When there is an absolute absence of the president-elect before taking office, there shall be a new election by universal, direct and secret vote within the next 30 consecutive days. Pending the election and inauguration of the new president, the president of the National Assembly will assume responsibility for the presidency of the Republic.

If the absence of the president of the Republic occurs during the first four years of the constitutional period, there shall be a new election by universal, direct and secret vote within 30 consecutive days. Pending the election and inauguration of the new president, the executive vice-president will be responsible for the presidency of the Republic.

Finally, Article 234 says: “When the president is temporarily unable to serve, [he/she] shall be replaced by the executive vice-president for a period of up to 90 days, which may be extended by resolution of the National Assembly for an additional 90 days.”

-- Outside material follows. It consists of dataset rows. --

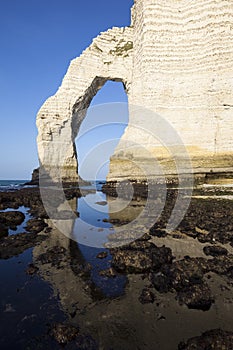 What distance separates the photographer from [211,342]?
2.09 m

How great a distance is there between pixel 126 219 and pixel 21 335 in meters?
5.83

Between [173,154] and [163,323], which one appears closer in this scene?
[163,323]

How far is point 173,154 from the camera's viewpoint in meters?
16.5

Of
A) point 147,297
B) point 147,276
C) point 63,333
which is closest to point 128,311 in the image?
point 147,297

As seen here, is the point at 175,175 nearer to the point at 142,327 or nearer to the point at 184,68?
the point at 184,68

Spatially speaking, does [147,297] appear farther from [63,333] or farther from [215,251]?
[215,251]

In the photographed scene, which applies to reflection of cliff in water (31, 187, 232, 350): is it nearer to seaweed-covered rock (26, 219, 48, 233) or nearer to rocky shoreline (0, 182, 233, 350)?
rocky shoreline (0, 182, 233, 350)

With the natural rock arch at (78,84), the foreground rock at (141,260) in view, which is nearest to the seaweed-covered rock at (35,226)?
the foreground rock at (141,260)

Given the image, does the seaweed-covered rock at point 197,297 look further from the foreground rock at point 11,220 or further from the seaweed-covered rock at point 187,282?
the foreground rock at point 11,220

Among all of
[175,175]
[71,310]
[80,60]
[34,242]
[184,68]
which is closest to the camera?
[71,310]

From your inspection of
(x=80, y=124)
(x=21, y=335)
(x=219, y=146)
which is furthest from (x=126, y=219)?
(x=80, y=124)

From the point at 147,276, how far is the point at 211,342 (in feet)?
5.13

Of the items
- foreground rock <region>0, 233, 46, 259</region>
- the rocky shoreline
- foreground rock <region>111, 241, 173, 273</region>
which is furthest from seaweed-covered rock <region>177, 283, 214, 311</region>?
foreground rock <region>0, 233, 46, 259</region>

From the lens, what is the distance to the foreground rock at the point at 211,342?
206cm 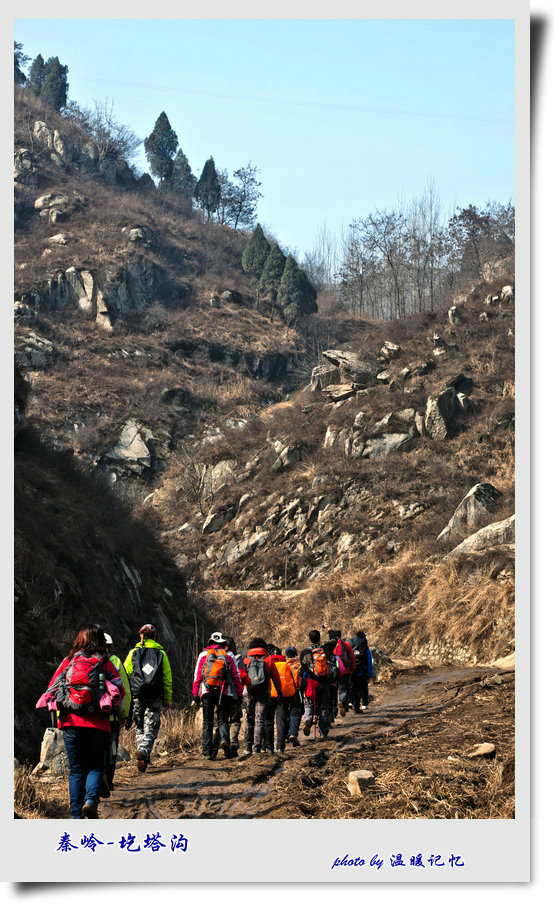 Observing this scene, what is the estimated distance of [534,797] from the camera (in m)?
5.51

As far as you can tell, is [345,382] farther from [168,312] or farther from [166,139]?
[166,139]

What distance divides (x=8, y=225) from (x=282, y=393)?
56078 mm

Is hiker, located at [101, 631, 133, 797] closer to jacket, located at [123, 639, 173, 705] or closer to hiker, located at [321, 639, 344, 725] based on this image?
jacket, located at [123, 639, 173, 705]

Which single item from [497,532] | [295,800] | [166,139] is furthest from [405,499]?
[166,139]

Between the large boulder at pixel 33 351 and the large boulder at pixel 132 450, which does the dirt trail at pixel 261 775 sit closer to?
the large boulder at pixel 132 450

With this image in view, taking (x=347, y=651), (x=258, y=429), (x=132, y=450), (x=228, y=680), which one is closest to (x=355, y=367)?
(x=258, y=429)

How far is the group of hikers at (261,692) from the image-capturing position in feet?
32.8

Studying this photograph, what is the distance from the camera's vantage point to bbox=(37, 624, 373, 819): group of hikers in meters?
6.36

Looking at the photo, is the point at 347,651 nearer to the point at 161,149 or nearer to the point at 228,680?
the point at 228,680

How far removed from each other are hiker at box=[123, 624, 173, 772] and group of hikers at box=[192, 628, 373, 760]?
501 millimetres

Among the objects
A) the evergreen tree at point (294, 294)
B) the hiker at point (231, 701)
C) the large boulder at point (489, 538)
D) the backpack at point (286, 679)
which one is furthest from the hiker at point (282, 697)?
the evergreen tree at point (294, 294)

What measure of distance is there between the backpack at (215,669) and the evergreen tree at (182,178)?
96.5 metres

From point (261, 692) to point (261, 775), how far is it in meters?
1.48

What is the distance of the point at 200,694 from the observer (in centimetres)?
999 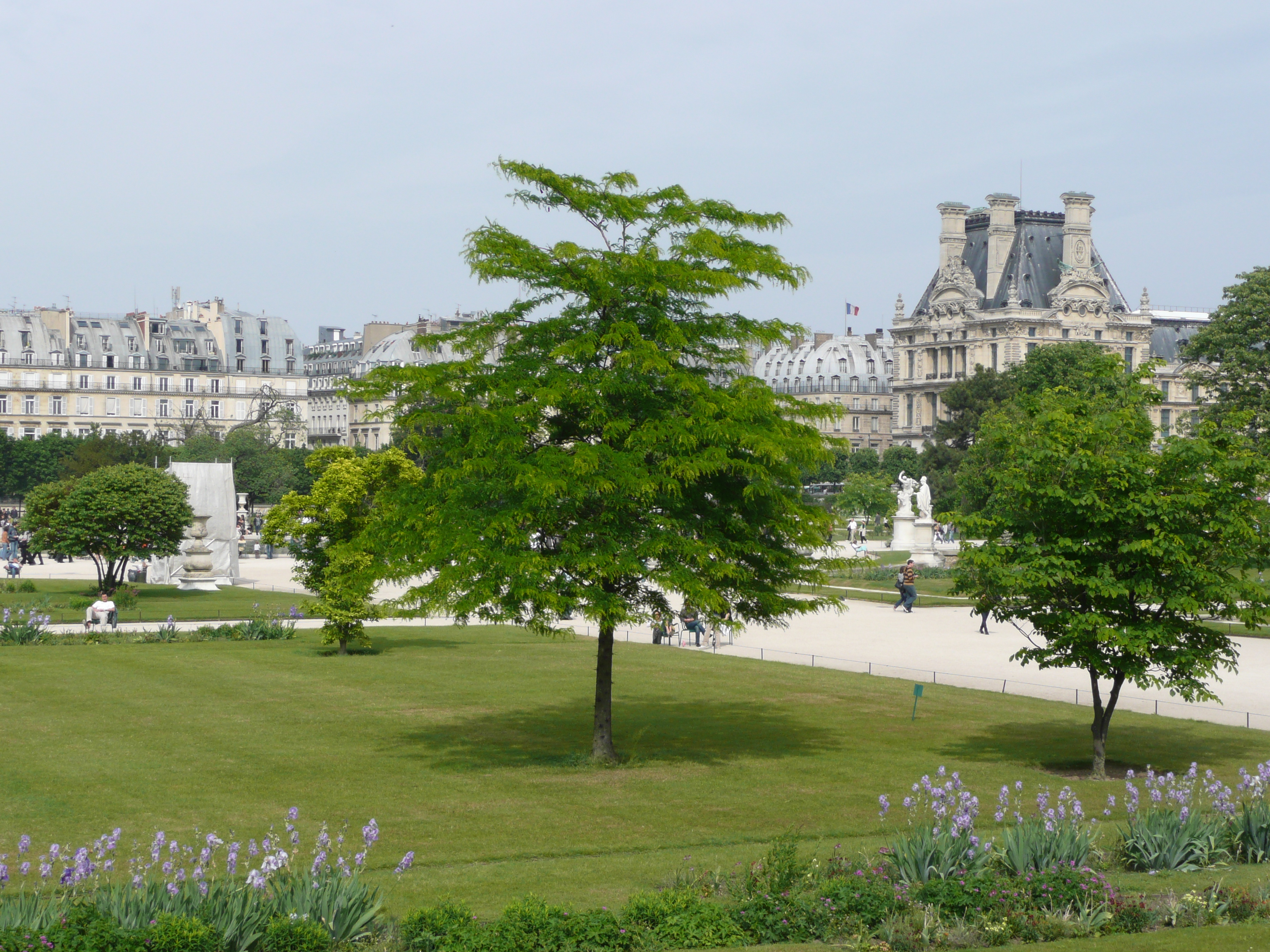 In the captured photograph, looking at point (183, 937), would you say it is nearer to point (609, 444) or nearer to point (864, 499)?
point (609, 444)

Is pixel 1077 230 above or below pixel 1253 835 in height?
above

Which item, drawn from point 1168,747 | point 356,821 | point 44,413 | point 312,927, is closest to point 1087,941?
point 312,927

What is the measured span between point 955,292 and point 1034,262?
8.79 metres

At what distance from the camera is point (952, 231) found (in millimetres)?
160000

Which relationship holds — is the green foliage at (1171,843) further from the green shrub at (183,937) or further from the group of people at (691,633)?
the group of people at (691,633)

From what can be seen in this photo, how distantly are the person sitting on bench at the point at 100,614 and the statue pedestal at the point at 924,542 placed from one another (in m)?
42.0

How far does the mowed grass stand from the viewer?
16094 mm

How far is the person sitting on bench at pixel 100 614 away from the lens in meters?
36.7

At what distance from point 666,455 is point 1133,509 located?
6.23 metres

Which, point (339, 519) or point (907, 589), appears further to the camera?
point (907, 589)

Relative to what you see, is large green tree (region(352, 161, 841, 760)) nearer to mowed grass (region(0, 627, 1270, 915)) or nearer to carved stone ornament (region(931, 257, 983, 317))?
mowed grass (region(0, 627, 1270, 915))

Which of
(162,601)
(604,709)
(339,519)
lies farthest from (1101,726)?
(162,601)

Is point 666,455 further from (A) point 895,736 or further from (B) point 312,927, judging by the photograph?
(B) point 312,927

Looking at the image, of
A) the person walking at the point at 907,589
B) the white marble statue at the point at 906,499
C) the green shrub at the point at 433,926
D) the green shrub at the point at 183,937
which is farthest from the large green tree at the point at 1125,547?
the white marble statue at the point at 906,499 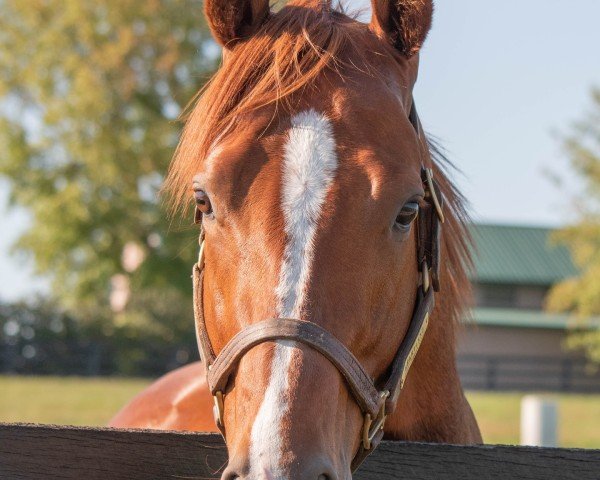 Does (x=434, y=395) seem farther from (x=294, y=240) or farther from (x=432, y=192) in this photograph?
(x=294, y=240)

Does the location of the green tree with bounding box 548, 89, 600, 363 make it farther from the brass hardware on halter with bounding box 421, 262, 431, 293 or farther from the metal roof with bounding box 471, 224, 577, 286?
the brass hardware on halter with bounding box 421, 262, 431, 293

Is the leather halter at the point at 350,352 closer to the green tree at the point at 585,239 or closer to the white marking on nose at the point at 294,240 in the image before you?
the white marking on nose at the point at 294,240

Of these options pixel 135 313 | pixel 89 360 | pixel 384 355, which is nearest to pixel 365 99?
pixel 384 355

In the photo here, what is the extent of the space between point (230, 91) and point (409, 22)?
62 cm

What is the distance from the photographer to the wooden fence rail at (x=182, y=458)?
254cm

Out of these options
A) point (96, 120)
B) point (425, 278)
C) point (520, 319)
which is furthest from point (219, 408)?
point (520, 319)

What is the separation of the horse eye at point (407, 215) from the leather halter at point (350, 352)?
24 cm

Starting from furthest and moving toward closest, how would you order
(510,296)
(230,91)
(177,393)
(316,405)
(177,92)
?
1. (510,296)
2. (177,92)
3. (177,393)
4. (230,91)
5. (316,405)

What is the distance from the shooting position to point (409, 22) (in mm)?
2748

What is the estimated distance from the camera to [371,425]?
2.36 metres

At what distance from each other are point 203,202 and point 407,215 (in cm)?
58

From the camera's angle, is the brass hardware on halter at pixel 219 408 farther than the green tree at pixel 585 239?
No

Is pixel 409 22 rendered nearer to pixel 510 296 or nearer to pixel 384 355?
pixel 384 355

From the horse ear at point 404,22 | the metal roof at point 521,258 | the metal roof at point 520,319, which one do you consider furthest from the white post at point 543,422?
the metal roof at point 521,258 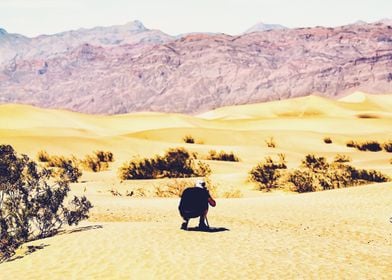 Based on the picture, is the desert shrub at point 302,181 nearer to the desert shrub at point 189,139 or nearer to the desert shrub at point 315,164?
the desert shrub at point 315,164

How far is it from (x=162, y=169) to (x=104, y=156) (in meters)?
6.54

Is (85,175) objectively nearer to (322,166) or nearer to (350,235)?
(322,166)

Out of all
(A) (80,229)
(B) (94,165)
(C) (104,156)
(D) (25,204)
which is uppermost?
(D) (25,204)

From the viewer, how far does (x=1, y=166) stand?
14.1 m

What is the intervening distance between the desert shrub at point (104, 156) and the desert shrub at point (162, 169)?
525 cm

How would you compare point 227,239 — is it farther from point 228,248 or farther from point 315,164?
point 315,164

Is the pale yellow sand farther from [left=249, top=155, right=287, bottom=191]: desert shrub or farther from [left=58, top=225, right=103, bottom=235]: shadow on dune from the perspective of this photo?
[left=249, top=155, right=287, bottom=191]: desert shrub

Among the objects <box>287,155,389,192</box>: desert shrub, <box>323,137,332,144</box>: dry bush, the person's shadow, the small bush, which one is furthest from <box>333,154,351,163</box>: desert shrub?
the person's shadow

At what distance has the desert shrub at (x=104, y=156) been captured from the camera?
3419 centimetres

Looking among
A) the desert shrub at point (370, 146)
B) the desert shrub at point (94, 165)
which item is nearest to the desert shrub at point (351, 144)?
the desert shrub at point (370, 146)

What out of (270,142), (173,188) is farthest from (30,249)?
(270,142)

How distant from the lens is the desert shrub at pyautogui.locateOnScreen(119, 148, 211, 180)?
27.7 metres

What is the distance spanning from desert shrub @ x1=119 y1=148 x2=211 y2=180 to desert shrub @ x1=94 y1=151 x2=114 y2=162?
17.2ft

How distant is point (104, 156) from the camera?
34531 millimetres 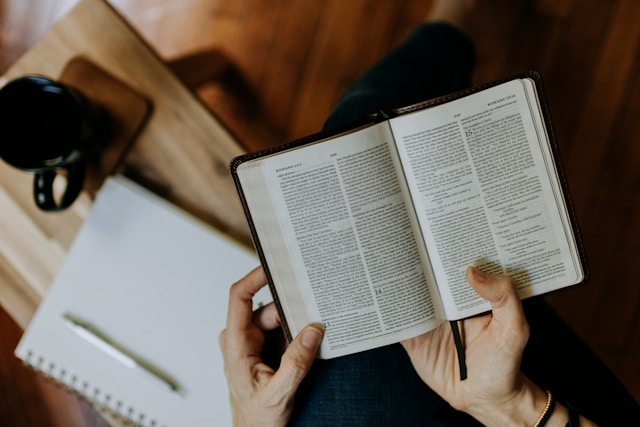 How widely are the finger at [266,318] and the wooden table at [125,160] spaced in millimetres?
96

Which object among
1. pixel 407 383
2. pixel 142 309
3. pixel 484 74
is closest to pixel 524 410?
pixel 407 383

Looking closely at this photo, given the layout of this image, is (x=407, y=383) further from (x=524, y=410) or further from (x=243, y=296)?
(x=243, y=296)

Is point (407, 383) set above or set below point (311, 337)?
below

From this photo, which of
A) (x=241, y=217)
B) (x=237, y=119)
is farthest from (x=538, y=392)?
(x=237, y=119)

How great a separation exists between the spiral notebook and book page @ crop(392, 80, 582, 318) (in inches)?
9.7

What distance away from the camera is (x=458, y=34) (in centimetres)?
94

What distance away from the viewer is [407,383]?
63cm

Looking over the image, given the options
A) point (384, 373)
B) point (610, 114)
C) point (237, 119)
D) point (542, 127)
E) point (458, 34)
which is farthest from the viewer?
point (237, 119)

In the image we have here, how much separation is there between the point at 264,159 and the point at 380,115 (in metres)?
0.13

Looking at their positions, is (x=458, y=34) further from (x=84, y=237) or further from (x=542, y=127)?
(x=84, y=237)

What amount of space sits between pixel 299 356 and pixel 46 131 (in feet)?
1.41

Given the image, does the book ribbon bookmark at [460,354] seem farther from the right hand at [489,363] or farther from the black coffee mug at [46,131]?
the black coffee mug at [46,131]

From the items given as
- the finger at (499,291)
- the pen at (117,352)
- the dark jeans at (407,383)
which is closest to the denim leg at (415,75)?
the dark jeans at (407,383)

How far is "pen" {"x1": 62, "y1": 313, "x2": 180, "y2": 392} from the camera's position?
619mm
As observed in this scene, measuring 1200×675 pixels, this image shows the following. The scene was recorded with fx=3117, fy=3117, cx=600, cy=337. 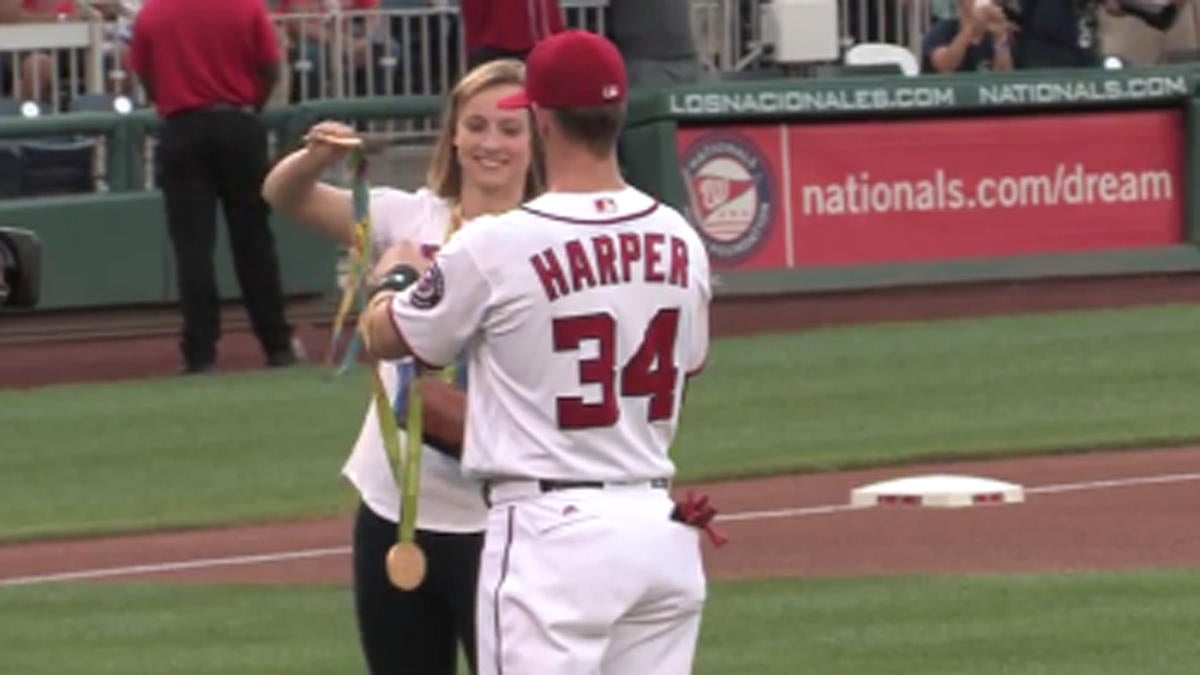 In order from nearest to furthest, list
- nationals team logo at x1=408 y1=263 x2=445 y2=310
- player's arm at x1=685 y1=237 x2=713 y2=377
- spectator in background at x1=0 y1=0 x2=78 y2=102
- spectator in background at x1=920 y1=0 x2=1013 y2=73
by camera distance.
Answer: nationals team logo at x1=408 y1=263 x2=445 y2=310, player's arm at x1=685 y1=237 x2=713 y2=377, spectator in background at x1=0 y1=0 x2=78 y2=102, spectator in background at x1=920 y1=0 x2=1013 y2=73

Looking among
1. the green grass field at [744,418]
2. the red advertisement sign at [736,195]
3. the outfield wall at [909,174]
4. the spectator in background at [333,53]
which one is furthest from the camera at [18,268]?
the spectator in background at [333,53]

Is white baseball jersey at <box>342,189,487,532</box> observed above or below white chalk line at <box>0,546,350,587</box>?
above

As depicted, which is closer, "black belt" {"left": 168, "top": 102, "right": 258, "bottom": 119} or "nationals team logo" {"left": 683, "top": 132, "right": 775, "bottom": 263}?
"black belt" {"left": 168, "top": 102, "right": 258, "bottom": 119}

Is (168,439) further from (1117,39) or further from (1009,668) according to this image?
(1117,39)

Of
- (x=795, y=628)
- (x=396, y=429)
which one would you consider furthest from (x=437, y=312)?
(x=795, y=628)

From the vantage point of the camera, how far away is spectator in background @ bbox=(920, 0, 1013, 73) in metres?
20.3

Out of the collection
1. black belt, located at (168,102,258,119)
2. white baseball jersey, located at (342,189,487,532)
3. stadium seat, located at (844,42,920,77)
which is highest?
stadium seat, located at (844,42,920,77)

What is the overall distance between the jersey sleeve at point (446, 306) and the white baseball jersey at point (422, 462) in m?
0.48

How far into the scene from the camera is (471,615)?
6344mm

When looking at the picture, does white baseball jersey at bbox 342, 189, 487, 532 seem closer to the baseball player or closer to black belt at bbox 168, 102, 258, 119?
the baseball player

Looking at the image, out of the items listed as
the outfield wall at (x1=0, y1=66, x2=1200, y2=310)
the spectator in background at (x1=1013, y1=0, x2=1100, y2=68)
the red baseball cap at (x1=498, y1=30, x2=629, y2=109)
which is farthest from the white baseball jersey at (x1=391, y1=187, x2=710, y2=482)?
the spectator in background at (x1=1013, y1=0, x2=1100, y2=68)

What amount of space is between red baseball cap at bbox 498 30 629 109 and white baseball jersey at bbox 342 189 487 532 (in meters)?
0.82

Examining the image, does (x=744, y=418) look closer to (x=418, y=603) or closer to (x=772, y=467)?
(x=772, y=467)

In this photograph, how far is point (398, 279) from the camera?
5.95m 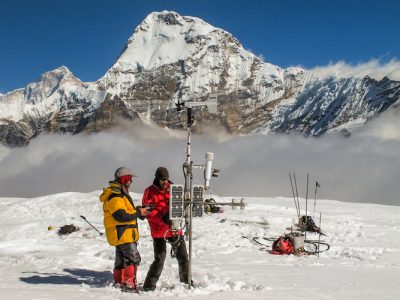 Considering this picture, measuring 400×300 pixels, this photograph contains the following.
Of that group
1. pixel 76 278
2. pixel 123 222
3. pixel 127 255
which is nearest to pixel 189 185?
pixel 123 222

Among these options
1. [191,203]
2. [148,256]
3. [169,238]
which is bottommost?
[148,256]

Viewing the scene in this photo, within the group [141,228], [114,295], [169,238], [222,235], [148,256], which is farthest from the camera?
[141,228]

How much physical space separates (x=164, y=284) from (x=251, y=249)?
6.97 meters

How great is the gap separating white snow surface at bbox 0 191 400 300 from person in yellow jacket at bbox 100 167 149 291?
39 centimetres

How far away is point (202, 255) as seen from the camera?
14242mm

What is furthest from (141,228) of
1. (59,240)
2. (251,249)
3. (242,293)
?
(242,293)

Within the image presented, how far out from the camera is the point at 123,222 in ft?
26.7

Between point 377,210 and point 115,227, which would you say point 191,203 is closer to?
point 115,227

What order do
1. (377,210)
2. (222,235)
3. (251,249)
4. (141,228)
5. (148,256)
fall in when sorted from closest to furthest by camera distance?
(148,256), (251,249), (222,235), (141,228), (377,210)

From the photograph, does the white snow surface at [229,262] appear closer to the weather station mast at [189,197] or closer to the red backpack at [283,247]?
the red backpack at [283,247]

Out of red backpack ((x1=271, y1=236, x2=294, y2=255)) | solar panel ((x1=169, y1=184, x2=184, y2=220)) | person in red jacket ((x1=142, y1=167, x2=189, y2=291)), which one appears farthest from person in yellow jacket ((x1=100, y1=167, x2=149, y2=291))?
red backpack ((x1=271, y1=236, x2=294, y2=255))

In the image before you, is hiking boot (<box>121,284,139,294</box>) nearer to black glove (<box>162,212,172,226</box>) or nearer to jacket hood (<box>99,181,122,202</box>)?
black glove (<box>162,212,172,226</box>)

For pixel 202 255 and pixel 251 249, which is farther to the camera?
pixel 251 249

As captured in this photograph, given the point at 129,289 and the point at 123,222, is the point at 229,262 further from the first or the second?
the point at 123,222
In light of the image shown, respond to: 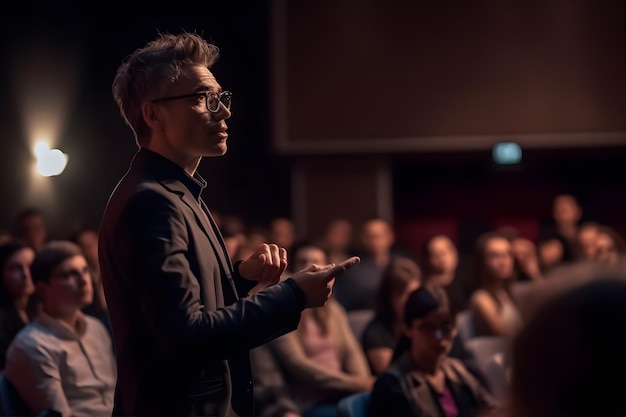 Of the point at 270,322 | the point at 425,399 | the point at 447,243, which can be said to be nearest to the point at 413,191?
the point at 447,243

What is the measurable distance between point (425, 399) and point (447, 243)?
6.82ft

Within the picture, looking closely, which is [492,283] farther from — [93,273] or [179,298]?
[179,298]

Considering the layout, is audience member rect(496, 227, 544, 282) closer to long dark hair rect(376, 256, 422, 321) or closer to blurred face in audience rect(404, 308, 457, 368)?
long dark hair rect(376, 256, 422, 321)

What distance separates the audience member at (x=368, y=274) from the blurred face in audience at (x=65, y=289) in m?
2.05

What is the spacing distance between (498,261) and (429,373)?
1754 millimetres

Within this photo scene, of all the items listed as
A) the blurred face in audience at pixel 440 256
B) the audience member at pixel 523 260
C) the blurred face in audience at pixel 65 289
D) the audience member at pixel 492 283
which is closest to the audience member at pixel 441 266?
the blurred face in audience at pixel 440 256

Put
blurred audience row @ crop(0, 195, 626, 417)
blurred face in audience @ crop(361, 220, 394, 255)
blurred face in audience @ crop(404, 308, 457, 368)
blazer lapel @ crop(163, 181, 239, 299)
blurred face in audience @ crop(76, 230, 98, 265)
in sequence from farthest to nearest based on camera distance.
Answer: blurred face in audience @ crop(361, 220, 394, 255), blurred face in audience @ crop(76, 230, 98, 265), blurred face in audience @ crop(404, 308, 457, 368), blazer lapel @ crop(163, 181, 239, 299), blurred audience row @ crop(0, 195, 626, 417)

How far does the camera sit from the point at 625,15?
26.3 ft

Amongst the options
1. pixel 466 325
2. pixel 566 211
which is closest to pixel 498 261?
pixel 466 325

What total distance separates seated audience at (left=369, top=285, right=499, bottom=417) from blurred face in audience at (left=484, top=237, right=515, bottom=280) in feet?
5.10

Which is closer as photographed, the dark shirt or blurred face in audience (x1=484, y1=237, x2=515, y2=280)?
the dark shirt

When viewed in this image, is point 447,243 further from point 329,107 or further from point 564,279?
point 564,279

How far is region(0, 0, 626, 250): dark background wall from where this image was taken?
25.2 ft

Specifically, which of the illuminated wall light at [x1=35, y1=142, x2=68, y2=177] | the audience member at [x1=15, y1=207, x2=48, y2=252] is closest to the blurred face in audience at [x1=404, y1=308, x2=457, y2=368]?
the audience member at [x1=15, y1=207, x2=48, y2=252]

So why all of the divided views?

While the Constitution describes what should happen if the inauguration is missed, and what to do if a president is “permanently absent,” it does not define what to do in the case of a temporary absence in a moment of transition. As a microcosm of the polarization that has marked the Andean nation under Chávez's leadership, the views of what should happen vary widely. Allies of Chávez argue that the opposition is using his delicate health to take the presidency away from him, undermining the clear wishes of a citizenry who reelected Chávez in Oct. 7 elections.